An ex-soldier and recovering alcoholic living quietly in Somerset, Stephen Rose has just begun to form a bond with Maggie, the daughter he barely knows, when he receives a summons – to an inquiry in Belfast about an incident during the Troubles, which he hoped he had long outdistanced. Now, to testify about it could wreck his fragile relationship with Maggie. And if he loses her, he loses everything.

He decides instead to write her an account of his life – a confession, a defence, a love letter. Also a means of buying time. But as time runs out, the day comes when he must face again what happened in that distant summer of 1982.

Format: Paperback (288 pages) Publisher: Sceptre
Publication date: 19th January 2023 [2022] Genre: Contemporary Fiction

Find The Slowworm’s Song on Goodreads

Purchase The Slowworm’s Song from Bookshop.org [Disclosure: If you buy books linked to our site, we may earn a commission from Bookshop.org, whose fees support independent bookshops]


My Review

The Slowworm’s Song is one of the books by Andrew Miller I chose to be part of my Backlist Burrow reading challenge; the other is Pure which I hope to read soon.

Moving between past and present, Stephen recalls events in his life. Some are joyful, such as his first meeting with Evie, the woman who became his wife. ‘We didn’t speak – I’m sure we didn’t speak at all that night – but we had noticed each other and that was enough. You wake to somebody. You feel them wake to you. The first moment is so small.’ Other events are not joyful, or small.

It takes some time before we learn the details of the pivotal event that took place during his time as a young soldier in Northern Ireland. It’s as if he is putting off the moment at which he has to set it down because then it will be out there and cannot be taken back. When it’s revealed, it is shocking in nature and its consequences for the people involved. The incident is something he has kept to himself for over twenty years, unwilling to have anyone else share the burden of knowing about it. ‘I would attend to it in the dark, my secret illness.’ However, the fact that a momentary lapse for which he cannot forgive himself has weighed on Stephen’s mind for so long meant he retained my sympathy.

The author effortlessly takes us inside the mind of Stephen. He’s torn between his desire to reveal the truth in his own way, conscious of the inevitability that it will come out at the inquiry, and his fear that Maggie, when she learns about his role in the incident, will decide to sever all contact with him, just when they have begun to build a relationship. ‘Maggie, I know I’m labouring this but I want you to know I was once someone others could speak well of. That I could do things without making a mess of them…’

The Slowworm’s Song is a quietly powerful book about secrets, guilt, the courage to face up to your past and the gift of forgiveness.

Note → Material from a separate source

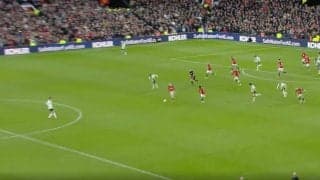 リバプールの鉄人・遠藤航を封じる作戦がついに発見された？ 衝撃の「中盤すっ飛ばし作戦」が炸裂された瞬間　デュエル王を封じたマンUの“ファイヤー・フォーメーション”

In three words: Moving, insightful, compelling
Try something similar: Perfume River by Robert Olen Butler


About the Author

Author Andrew Miller

Andrew Miller‘s first novel, Ingenious Pain, was published by Sceptre in 1997 and greeted as the debut of an outstanding new writer. It won the James Tait Black Memorial Prize, the International IMPAC Dublin Literary Award and the Grinzane Cavour prize for the best foreign novel published in Italy. He has since written Casanova, Oxygen, which was shortlisted for the Booker Prize and the Whitbread Novel of the Year Award, The Optimists, One Morning Like a Bird, Pure, winner of the Costa Book of the Year, The Crossing and Now We Shall Be Entirely Free, which won the Highland Book Prize and was shortlisted for the Walter Scott Prize. Andrew Miller’s novels have been published in translation in twenty countries. Born in Bristol in 1960, he now lives in Somerset.